A Transnational Approach to Religion

Kwok Pui-lanBy Kwok Pui-lan

Scholars have predicted that religion will decline because of modernization, secularization, and the development of science and technology. The decline of church attendance in Europe and America since the 1960s seems to reflect this trend. But if we look beyond the North Atlantic, a different religious landscape emerges.

One Sunday last September, I worshiped at Chongyi Church in Hangzhou, the largest church in China, which can sit 5,000 people. The church was filled to the maximum. Protestant Christianity in China enjoys phenomenal growth. In 1949, China had about 700,000 Protestants; today the number is estimated to be 50-55 million, if we include membership in the underground churches. Religious fervor is not limited to the churches alone. In Buddhist and Daoist temples, many devotees burn incense, offer prayers, and make donations. A Chinese scholar in religion told me that even though religion was suppressed during the Cultural Revolution (1966-76), popular religiosity never vanished, for it is very much a part of the fabric of Chinese life.

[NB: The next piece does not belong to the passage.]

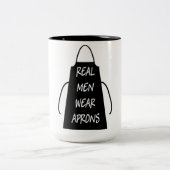 Real Men tragen Schürze (schwarz) Zweifarbige Tasse (Mittel)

Several years ago I attended an interfaith meeting at a city near Bandung in Indonesia, the world’s most populous Muslim country. Every morning devout Muslims chanted their prayers at dawn. At the community center we visited, Muslim women talked enthusiastically about their faith and the community services the center provided. Little kindergarten girls wore headscarves and pink uniforms to go to school. Islam has been mobilized for the construction of national identity and it is so integrated in their lives that I saw no sign of its influences abated.

It is myopic and colonial to use a narrow Eurocentric lens to gauge the diverse religious phenomena of humankind and to project the future of religion. Instead, we must adopt a contextual, multiaxial, and transnational approach. As sociologist Roland Robertson has said, globalization will not obliterate traditional religion, and will enhance it in some cases, since it prompts people to think about their heritage. Globalization has brought about disruptions and disjunctures, but it also provides impetus for developing new religious forms and for renegotiating identities in a world in flux.

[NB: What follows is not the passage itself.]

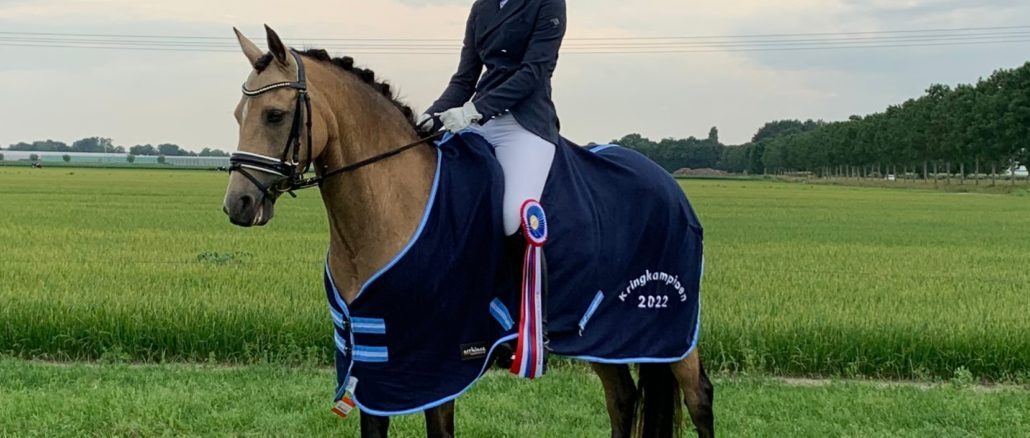 sophie riezebos - mulan - kringkampioen M1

Read More from: The Future of Religion

In the 21st century, Christianity will be a non-Western religion, as Christian demographics has shifted to the global South. At the turn of the 20th century, 70 percent of the world’s Christians were Europeans, but by 2025, Africans and Latin Americans will make up the majority of Christians. To understand the tremendous church growth in Africa, we have to pay attention to the responses of the church to the poverty and suffering that has plagued the continent, the adaptation of African Indigenous Churches to African cultural forms, and the roles of indigenous leadership. As Lamin Sanneh of Yale University has said, it is noteworthy that such vitality has occurred without the structures and institutions that defined Western Christianity. In China as well, it was only when foreign missionaries had left and the Chinese assumed the responsibilities of propagating the Gospel that rapid church growth occurred. It is regrettable that Philip Jenkins uses the concept “the new Christendom” to characterize the coming of global Christianity. By using the medieval concept of Christendom, Jenkins reactivates a Eurocentric script, without paying sufficient attention to the enormous diversity of Christianity in the global South.

We will benefit from a comparative and transcultural frame in studying the decline of mainline Christianity in Europe and America and the rise of religious diversity. Many religions coexisted in Europe before Christianity became the state religion during Constantine’s reign. It was because of imperial formation that one religion and a monolithic culture were forced upon the peoples. Some of the religions of Old Europe went underground but continued to exist in other forms, such as some elements in Celtic Christianity. Today in Europe and America, it is no longer a taboo for people not to attend church and to try out other religious and spiritual paths.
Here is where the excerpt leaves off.